High speed ECC implementation on FPGA over GF(2^m)

High speed Elliptic Curve Cryptography (ECC) implementations on Field Programmable Gate Array (FPGA) are highly desirable for applications requiring high speed cost effective and flexible implementations of public key cryptography. Recently, many binary ECC hardware accelerators have been presented based on the Montgomery point multiplication by exploiting the underlying parallelism of the point multiplication (PM). In this paper, we present a combined Montgomery point multiplication algorithm to achieve low latency ECC point multiplication by using novel pipelined full precision parallel multipliers over GF(2^m).

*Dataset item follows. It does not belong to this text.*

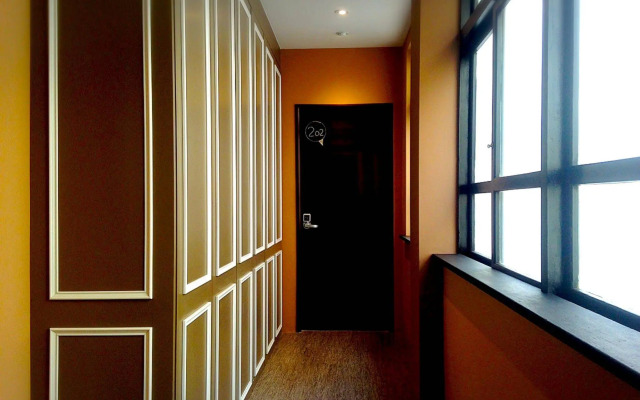 Here B&B
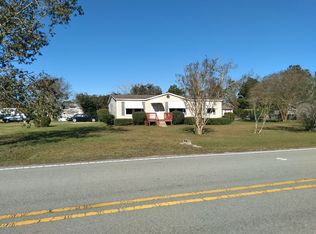 102 Seashore Dr, Swansboro, NC 28584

We adopt a careful schedule of point operations to achieve low latency and a smart pipelining in the ECC architecture to reduce the critical path delay. Our proposed ECC architecture is implemented on Virtex5 (XCV5LX110) for a fair comparison and on Virtex7 (XC7VX550T) to quantify performance. Our Virtex5 based implementation over GF(2¹⁶³), consumes 10363 slices, takes only 5.1 µs for an ECC point multiplication with a frequency of 153 MHz, and has a latency of 780 clock cycles. Our Virtex-5 performance outperforms the fastest reported work on the same platform. Our Virtex7 implementation which can compute an ECC PM in 3.50 µs at a frequency of 223 MHz while utilising only 8736 slices is the highest speed implementation reported to date on FPGA.